This is no mere shotgun that fires a petty 3, 4, 5, 6, or 3.1415926535… bullets. No. This fires 1 WHOLE MINI-NUKE.
…Of course, we were talking about the Fat Man back there. The MIRV shoots 8 nukes. HECK YEAH. You have like a 50% percent chance of killing yourself every time you fire the [PROFANITY]ing weapon, just because of splash. Awesome sauce is awesome, shotguns, and Experimental MIRVs. I’m sure the only thing it CAN’T take out in one shot is Liberty Prime >.>
Imperial March music here
Number 1: The Smash Ball (Super Smash Bros. Brawl; Wii)
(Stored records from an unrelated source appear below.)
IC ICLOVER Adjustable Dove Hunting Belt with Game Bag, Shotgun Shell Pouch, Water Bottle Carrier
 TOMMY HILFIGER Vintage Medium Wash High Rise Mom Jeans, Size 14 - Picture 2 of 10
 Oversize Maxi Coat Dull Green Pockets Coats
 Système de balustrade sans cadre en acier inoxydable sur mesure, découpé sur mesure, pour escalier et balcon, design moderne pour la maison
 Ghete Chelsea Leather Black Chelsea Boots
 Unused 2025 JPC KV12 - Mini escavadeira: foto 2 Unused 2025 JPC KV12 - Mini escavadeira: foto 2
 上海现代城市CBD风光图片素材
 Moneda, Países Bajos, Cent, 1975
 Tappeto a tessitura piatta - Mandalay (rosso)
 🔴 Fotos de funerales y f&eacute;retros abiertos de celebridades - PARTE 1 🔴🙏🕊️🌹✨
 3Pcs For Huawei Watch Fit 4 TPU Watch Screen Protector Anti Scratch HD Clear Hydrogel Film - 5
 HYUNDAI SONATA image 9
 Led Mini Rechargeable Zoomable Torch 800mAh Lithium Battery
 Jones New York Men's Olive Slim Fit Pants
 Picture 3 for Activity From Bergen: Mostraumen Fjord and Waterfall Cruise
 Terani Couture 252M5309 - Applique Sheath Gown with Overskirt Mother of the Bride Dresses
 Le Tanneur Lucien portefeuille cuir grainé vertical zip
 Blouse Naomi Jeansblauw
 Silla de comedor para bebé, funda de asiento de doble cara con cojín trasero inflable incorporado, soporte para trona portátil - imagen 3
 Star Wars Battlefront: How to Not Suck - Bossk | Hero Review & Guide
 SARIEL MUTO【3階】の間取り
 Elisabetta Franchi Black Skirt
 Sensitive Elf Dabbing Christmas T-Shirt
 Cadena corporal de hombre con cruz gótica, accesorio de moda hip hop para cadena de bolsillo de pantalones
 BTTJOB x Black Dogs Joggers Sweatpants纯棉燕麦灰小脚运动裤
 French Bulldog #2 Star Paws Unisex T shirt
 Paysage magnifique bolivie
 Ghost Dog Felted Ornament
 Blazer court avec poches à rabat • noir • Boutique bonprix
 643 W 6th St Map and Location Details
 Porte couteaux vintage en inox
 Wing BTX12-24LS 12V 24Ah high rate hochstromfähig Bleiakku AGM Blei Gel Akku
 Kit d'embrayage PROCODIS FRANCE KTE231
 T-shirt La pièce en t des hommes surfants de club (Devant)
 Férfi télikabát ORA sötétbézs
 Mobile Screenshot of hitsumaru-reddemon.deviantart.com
Yes, you’re prolly thinking about how a glowy orb not much bigger than Sonic’s oversized, bobblehead-esque head can be better than
- The Rock-It Launcher (#10)
- The Last Word Spellcards (#9)
- Mario’s Boots (#8) (These might have been higher up if not for the fact that they didn’t have spikes)
- The Seeker (#7)
- The Kasimov SNV-E99 (#6)
- The Chandelier of Awesome (#5) (Also want spikes for this one)
- The Portal Gun (#4)
- The Black Hole Generator
- The Experimental MIRV
But it is. Because it’s
- A pair of gloves with magic pixie dust (Mario)
- A forcefield (Luigi)
- A pair of drums (Donkey Kong)
- Three tanks (Fox, Falco, Wolf)
- A electric field of hell (Pikachu)
- An upgraded laser cannon (Samus)
- Poke-Steroids (Short-Term) (Jigglypuff)
- Mutation (Temporary) (Ganondorf)
- Power Level Over 9000-ers (Lucario)
- A Jetpack (Diddy Kong)
- Dragon Drugs (Yoshi)
- A racing vehicle (Blue Falcon, GO!) (Capt. Falcon)
- A mob (King Dedede)
- A suit of armour (Zero Suit Samus)
- More Steroids (Longer Lasting!) (Bowser)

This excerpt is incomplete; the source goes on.